Test for the difference between two population means

The test for the difference in mean values is one of the most basic tests. There are two columns of data, and it is assumed that the first and second columns are compared.

Student's t-test

setwd("C:/Rtest") #
Data <- read.csv("Data.csv", header=T) #
t.test(x=Data$X1,y=Data$X2,var.equal=T,paired=F) #

Welch's t-test

setwd("C:/Rtest")#
Data <- read.csv("Data.csv", header=T)#
t.test(x=Data$X1,y=Data$X2,var.equal=F,paired=F) #

Test for the difference between two or more population means

Up to two-way ANOVA, you can also use Excel's data analysis function.

One-way ANOVA

The data assumes that the first column has a column name of "X" and the category, and the second column has a column name of "Y" and contains numerical values.

setwd("C:/Rtest") #
Data <- read.csv("Data.csv", header=T)#
summary(aov(Y~X,data=Data))#

Two-way ANOVA (no interaction term)

The data assumes that the first and second columns have column names "X1" and "X2" with level names, and the third column has column names "Y" with numerical values.

setwd("C:/Rtest") #
Data <- read.csv("Data.csv", header=T)#
summary(aov(Y~X1+X2,data=Data)) #

Two-way ANOVA (with interaction term)

When evaluating the interaction , the "+" is replaced with "*".
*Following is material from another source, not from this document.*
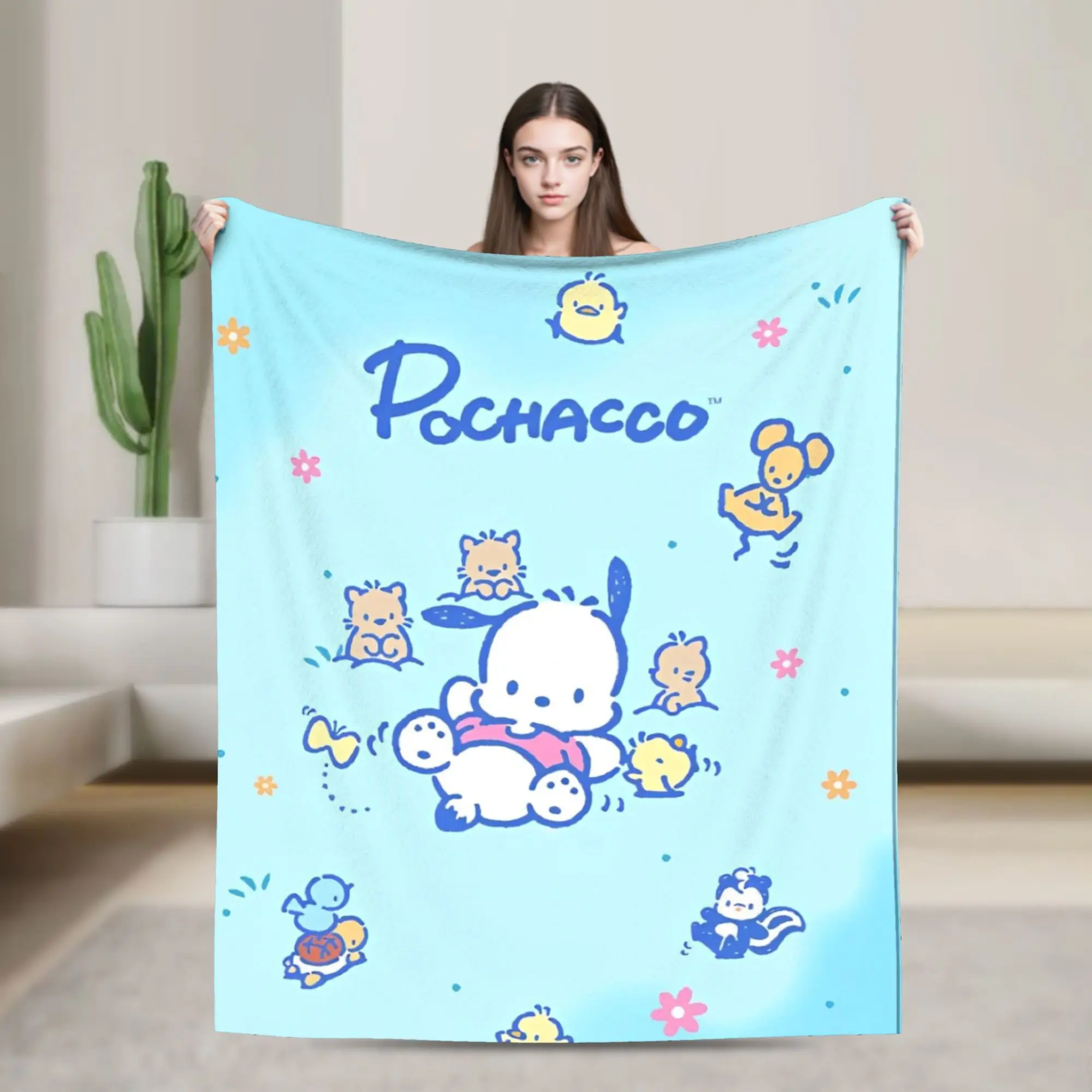 Pochacco Animals Blankets Wool Funny Soft Throw Blankets for Home All Season
Pochacco Animals Blankets Wool Funny Soft Throw Blankets for Home All Season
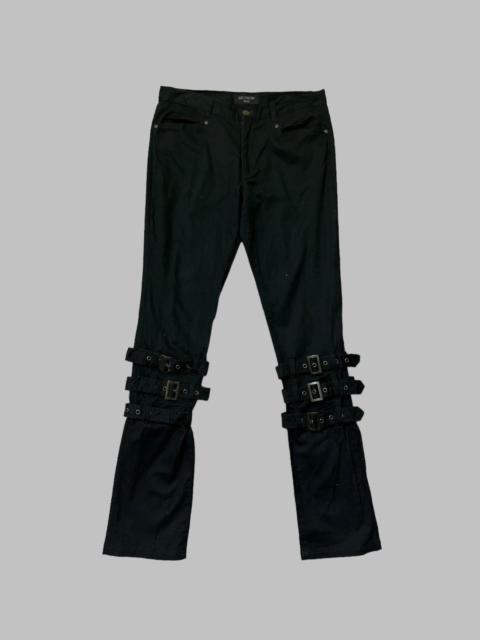 Other Designers Vintage - Black Peace Now Bondage Punk Rock Style Pant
Repeated data is required to include the interaction term. Repeated data means that there are multiple times of data for each combination of levels of the two factors.

setwd("C:/Rtest")#
Data <- read.csv("Data.csv", header=T) #
summary(aov(Y~X1*X2,data=Data)) #

Visualization of differences in mean and variability

Graph that decomposes one quantitative variable into one qualitative variable

The data assumes that the column name "C1" contains the category and the column name "Y1" contains the number.

ggplot(Data, aes(x=Y1)) + geom_histogram() + facet_grid(C1~.)#

ggplot(Data, aes(x=C1, y=Y1)) + geom_point()#

The size of the plot can be adjusted by size, and the degree of horizontal dispersion can be adjusted by the number of position = position_jitter.

ggplot(Data, aes(x=C1, y=Y1)) + geom_jitter(size=1, position=position_jitter(0.1))#

ggplot(Data, aes(x=C1, y=Y1)) + geom_boxplot()#

A graph that decomposes one quantitative variable into two qualitative variables

ggplot(Data, aes(x=Y1)) + geom_histogram() + facet_grid(C1+C2~.)#

ggplot(Data, aes(x=C1, y=Y1)) + geom_jitter(size=1, position=position_jitter(0.1)) +facet_grid(.~C2)#

Test of the difference between the paired means

Test for the difference between two paired means

setwd("C:/Rtest") #
Data <- read.csv("Data.csv", header=T) #
t.test(x=Data$X1,y=Data$X2,paired=T) #

est for the difference between three or more paired means

The data assumes that the first and second columns have column names "X1" and "X2", and the third column has column names "Y". "X2" is the character string that represents the correspondence.

setwd("C:/Rtest")#
Data <- read.csv("Data.csv", header=T)#
summary(aov(Y~X1+X2,data=Data))#

Test of population variance ratio (test of variation)

Test of the ratio of two population variances

The data assumes that there are two columns, the column names "X1" and "X2" are in the first row, and the numbers are below them. )

setwd("C:/Rtest")#
Data <- read.csv("Data.csv", header=T)#
var.test(x=Data$X1,y=Data$X2) #

Test for 3 or more (Bartlett's test)

The data assumes that the first column has a column name of "X" and the category, and the second column has a column name of "Y" and contains numerical values.

setwd("C:/Rtest")#
Data <- read.csv("Data.csv", header=T) #
bartlett.test(formula=Data$Y~Data$X) #

Test of ratio difference

In the case of the test of the difference between "1/10" and "4/20"

prop.test(c(1,4),c(10,20))#

Test of independence

It is a test of independence using the chi-square test .

setwd("C:/Rtest") #
Data <- read.csv("Data.csv", header=T)#
chisq.test(Data)#